Comment peut-on encore parler de plagiat en ce siècle où tout a été dit sur toutes choses ! De tout temps, les écrivains et non de moindres, n'ont-ils pas fait des „emprunts” à leurs devanciers ! Virgile, qui savait si bien se plaindre lorsqu'on le volait – „sic vos non volis” – se gênait assez peu lui-même d'emprunter aux autres. Aecius et même le grand Lucrèce furent mis par lui à contribution. Virgile ne prenait-il pas de même des vers presque entiers dans le poème de Lucrèce ! Le Père Dor est vraiment en bonne compagnie : Hérodote, Sophocle, Ménandre, Euripide, Diodore de Sicile, Tite-Live et Salluste n'ont pas échappé au reproche de plagiat.
On connait assez le cas de Molière, convaincu d'avoir reproduit presque textuellement une scène du „Pédant joué”, de Cyrano de Bergerac. Racine lui-même n'a pas dédaigné d'imiter. Un grand nombre de vers d'„Athalie” et de „Phèdre” ont eu des précurseurs, Shakespeare, lui, fut un terrible pillard. Un de ses contemporains l'appelle une „corneille parée des plumes d'autrui”. Sur 6,043 vers, le savant Malone découvrit que 1,771 avaient été écrits par des auteurs antérieurs ; 2,973 avaient été „habillés” par le grand poète, et le reste, soit 1,899 vers, appartenait à Shakespeare. C'est peu.
Voltaire, le Boiardo, l'Arioste, Métastase, La Fontaine, André Chénier, Musset, d'Annonzio et combien d'autres, ont dû relever cette accusation.

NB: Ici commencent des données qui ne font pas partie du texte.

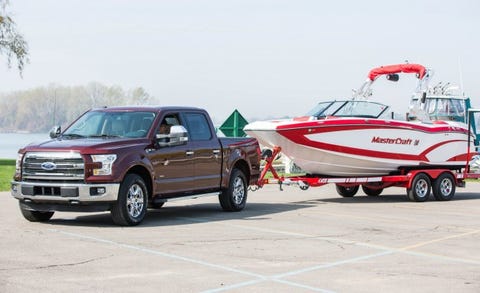 2016 Ford F 150 Can Back Up A Trailer For You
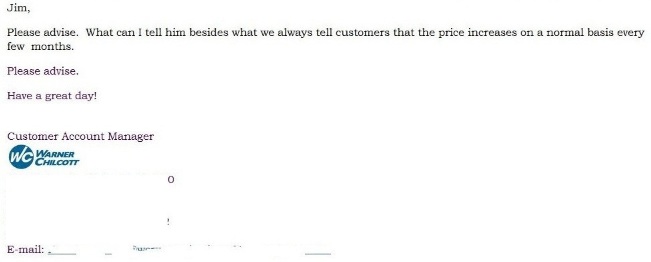 Drug Rep Accidentally Emails Consumer Truth About Overpriced Pills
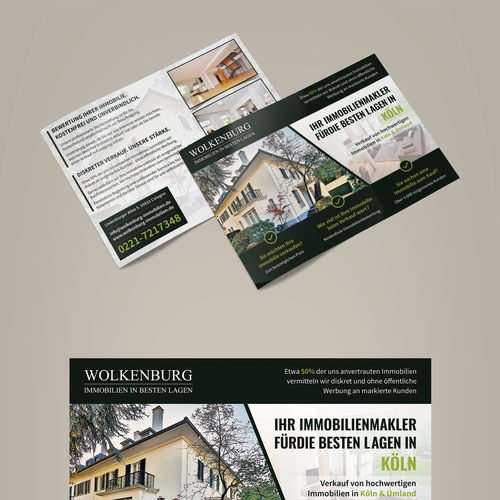 Flyer Fur Immobilienmakler Exklusive Immobilien Postcard Flyer Or Print Contest 99designs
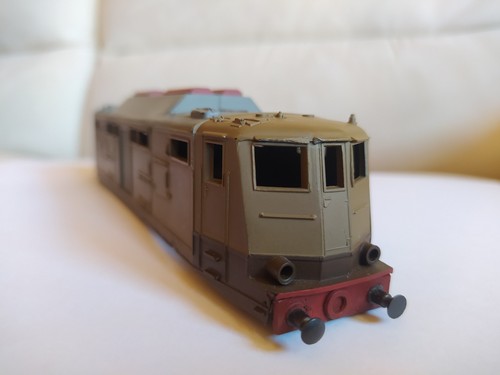 Rivarossi cassa locomotiva - , fs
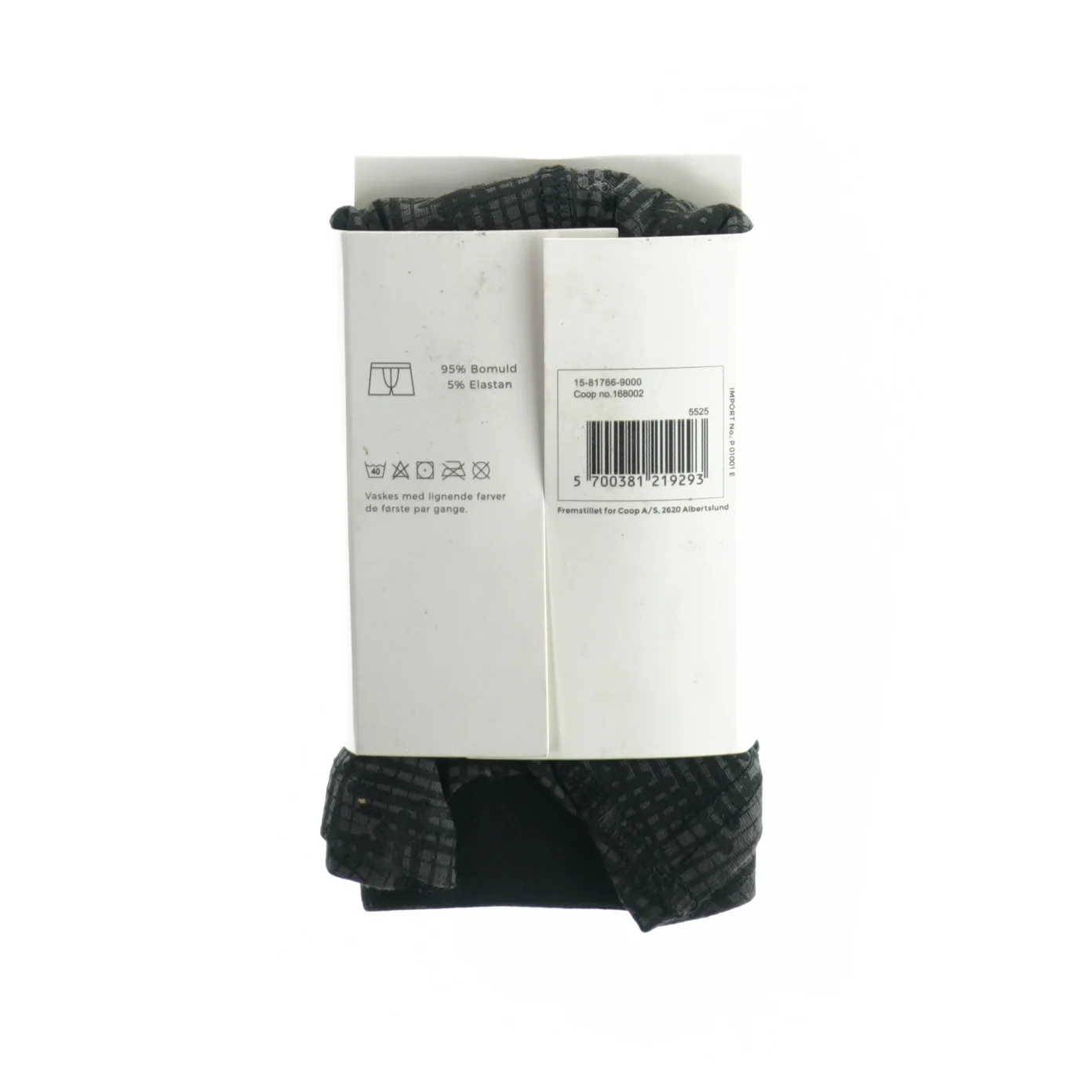 1 par boxer shortd fra Ukendt (str. medium)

La Fontaine, lui, s'en glorifiait, on le sait ; il avouait emprunter aux autres leurs idées, leurs tours et leurs lois, et disait dans son épitre à l'évêque d'Avranches qu'un endroit plein d'excellence, rencontré chez les maîtres, pouvait entrer sans violence dans ses vers :Je l'y transporte et veux qu'il n'ait rien d'affecté,
Tâchant de rendre mien cet air d'antiquité.Ajoutons qui peut être dangereux d'emprunter ou de dérober lorsqu'on n'est pas de taille à encadrer convenablement à habiller l'emprunt. C'est peut-être ce qu'a voulu dire à Charleroi l'honorable organe de la loi.